Commander à l'homme d'avoir tel sentiment et d'agir sous l'influence de
ce sentiment, ce serait introduire dans la détermination morale de la
volonté quelque chose qui ne peut s'y trouver, à savoir un
élément subjectif et extérieur à la loi morale
(comme principe pratique objectif). Ce serait rendre toute moralité
impossible puisque, pour que l'action morale ait une valeur morale, il faut que
la loi morale à elle seule détermine la volonté : «
Ce qui est essentiel dans la valeur morale des actions, c'est que la loi
morale détermine immédiatement la volonté
»18. Dans cette immédiateté de la
détermination de la volonté par la loi, rien ne peut apporter son
concours et participer à l'influence exercée sur la
volonté (si ce n'est peut-être un mobile qui résulte
directement de la loi, si ce n'est la loi en tant qu'elle s'incarne dans un
mobile sensible). Il n'y a donc « aucune obligation d'avoir ces
qualités »19 comme conditions seulement subjectives de
la moralité.
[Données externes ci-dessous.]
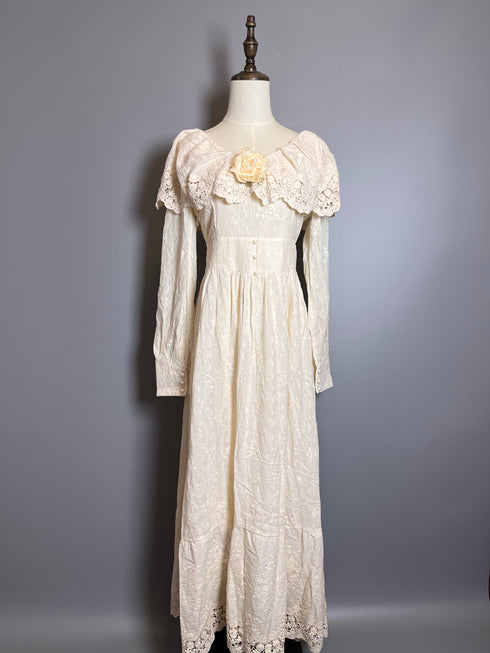 Vintage Cream Gunne Sax Dress with Lace Ruffled Collar and Buttoned Bodice – 70s-Inspired Gunne Sax Dress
On peut signaler ici une conséquence importante des
principes qui permettent à Kant de poser que l'estime de soi comme
sentiment ne constitue pas un devoir : la morale ne commande que des actes,
jamais des sentiments. Elle s'adresse à la volonté (comme
faculté de l'action), non à l'âme ou au coeur.
Par ailleurs, l'estime de soi apparaît dans ce
paragraphe comme unie avec le respect pour la loi morale (voir notre section
2.2.1) : après avoir parlé des conditions subjectives de la
moralité en général, Kant parle de l'estime de soi en
particulier dans un sous-paragraphe intitulé « Du respect »,
et non « De l'estime de soi » ou « Du respect de soi ». Et,
si l'estime de soi est bien impliquée ou identique avec le respect pour
la loi morale, il faut considérer comme valant pour
17 DV, p. 681
18 CrPr, p. 695
19 DV, p. 681
l'estime de soi ce qui est dit ici du respect. Or, ce
sous-paragraphe affirme que nous ne pouvons avoir un devoir envers le respect.
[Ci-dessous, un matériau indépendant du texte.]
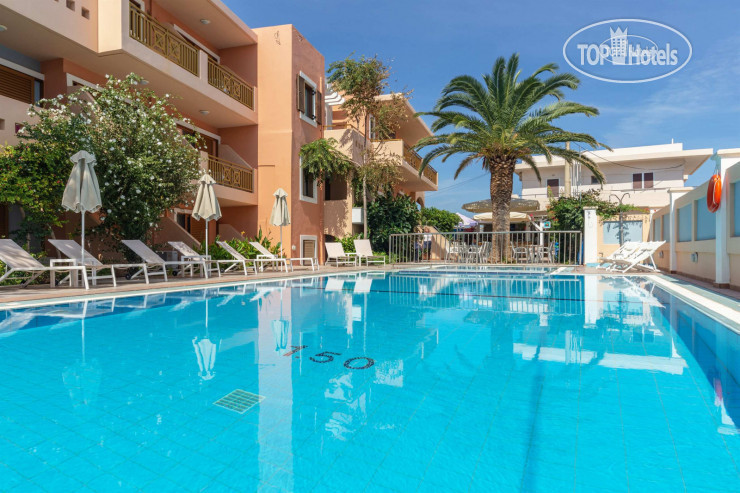 Фотографии отеля  Aristea Hotel Rethymno 2*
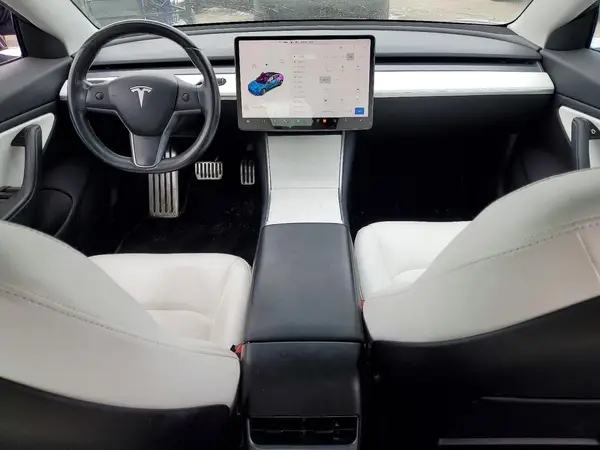 5YJ3E1EB2KF195375 2019 TESLA MODEL 3 - Image 8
En effet, pour pouvoir produire le respect en nous-mêmes par devoir,
i.e. par respect pour un devoir d'estime de soi (au sens
esthétique, toujours), il faudrait d'abord se représenter la loi
du devoir qui nous obligerait à produire ce sentiment. Or, l'homme doit
éprouver en luimême un respect pour la loi du devoir qui
s'applique dans telle situation particulière, pour pouvoir seulement se
représenter un devoir (voir notre section 2.3.2). Affirmer que nous
avons un devoir envers le respect, cela reviendrait donc à faire de la
représentation du devoir un devoir : « Avoir un devoir envers le
respect reviendrait donc à faire du devoir même un devoir
»20. Kant semble réfuter ici le devoir de respect par
l'idée d'une antériorité du respect par rapport au devoir
: le respect étant la condition (de la considération) du devoir,
il doit précéder le devoir et non être produit par lui,
comme ce serait le cas dans un devoir de produire le respect en
nous-mêmes.
Kant avance un dernier argument pour montrer que l'estime de
soi n'est pas un devoir. Le paragraphe XII de l'introduction de la Doctrine
de la vertu souligne que l'estime de soi, en tant que « respect
» que l'homme a « pour son propre être », n'est pas
quelque chose qui soit exigible d'une liberté, parce que nous ne sommes
jamais libres de respecter ou non, au sens du respect comme sentiment. Ce qui
est respectable « arrache inévitablement » à l'homme un
sentiment de respect. C'est ce qu'exprime la langue française courante
par l'expression « forcer le respect ». C'est aussi ce qu'exprimait
déjà B. Pascal, dans le second des Trois discours sur la
condition des Grands, au sujet du respect pour autrui : « si,
étant duc et pair, vous ne vous contentez pas que je me tienne
découvert devant vous, et que vous voulussiez encore que je vous
estimasse, (...)
assurément vous n'y réussiriez pas, fussiez-vous
le plus grand prince du monde »21. Il ne peut être
commandé de respecter autrui, fût-il le plus grand prince
du monde, parce que le respect ressenti se produit en vertu
d'une nécessité autre que celle du devoir. Il ne peut pas plus
être commandé de se respecter, pour les mêmes raisons.